WORK REQUEST: Lift out, unaltered, the lines of the material below between the line holding "Camisole Strict Jacket" and the line holding "100% mineral active, dry", counting both.

RECORDS PROVIDED:

=-=-=-=-=

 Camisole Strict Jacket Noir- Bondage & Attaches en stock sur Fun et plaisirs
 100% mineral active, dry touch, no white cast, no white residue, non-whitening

=-=-=-=-=

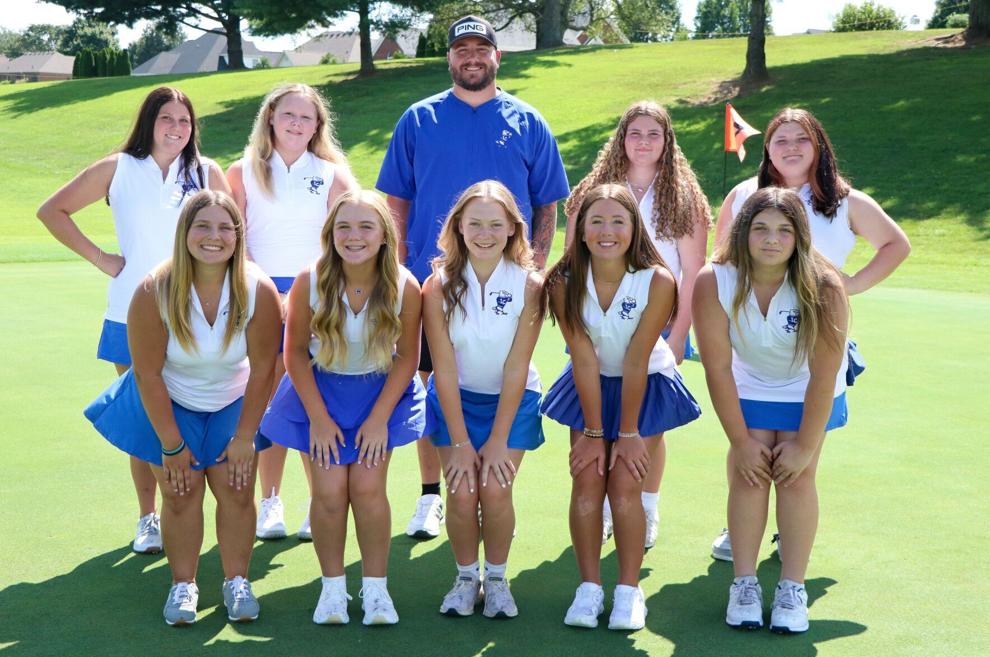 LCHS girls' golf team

=-=-=-=-=

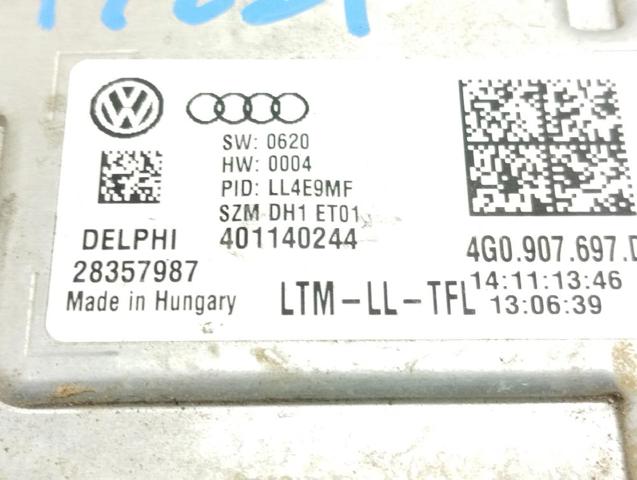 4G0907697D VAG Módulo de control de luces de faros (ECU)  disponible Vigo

=-=-=-=-=

EXERCISE SOLUTION:
 Camisole Strict Jacket Noir- Bondage & Attaches en stock sur Fun et plaisirs
 100% mineral active, dry touch, no white cast, no white residue, non-whitening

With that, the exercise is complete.